Description of the task: After locating the line with "이미지 CAPTCHA" below, output it and each following line exactly, stopping after the line with "boomfox.jpg". No pictures.

Information provided:
-=-=-=-=-
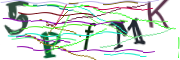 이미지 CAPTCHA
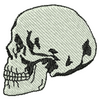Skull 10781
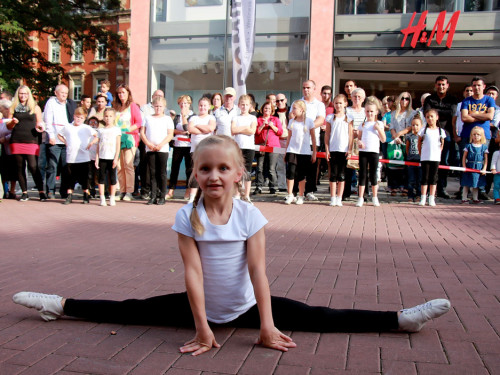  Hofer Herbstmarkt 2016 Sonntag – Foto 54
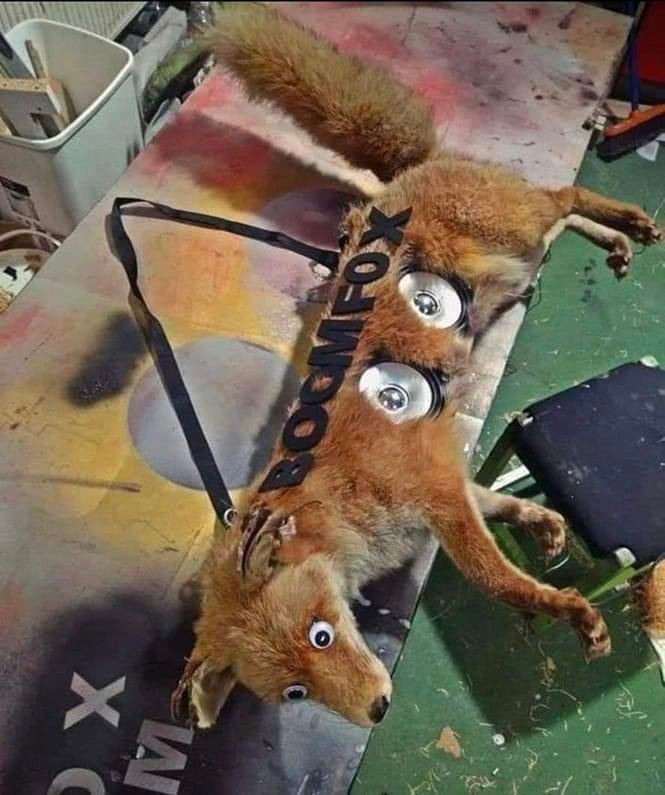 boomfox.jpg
-=-=-=-=-
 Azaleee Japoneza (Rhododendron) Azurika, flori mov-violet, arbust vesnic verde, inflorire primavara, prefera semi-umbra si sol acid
-=-=-=-=-
Finished task:
 이미지 CAPTCHA
Skull 10781
  Hofer Herbstmarkt 2016 Sonntag – Foto 54
 boomfox.jpg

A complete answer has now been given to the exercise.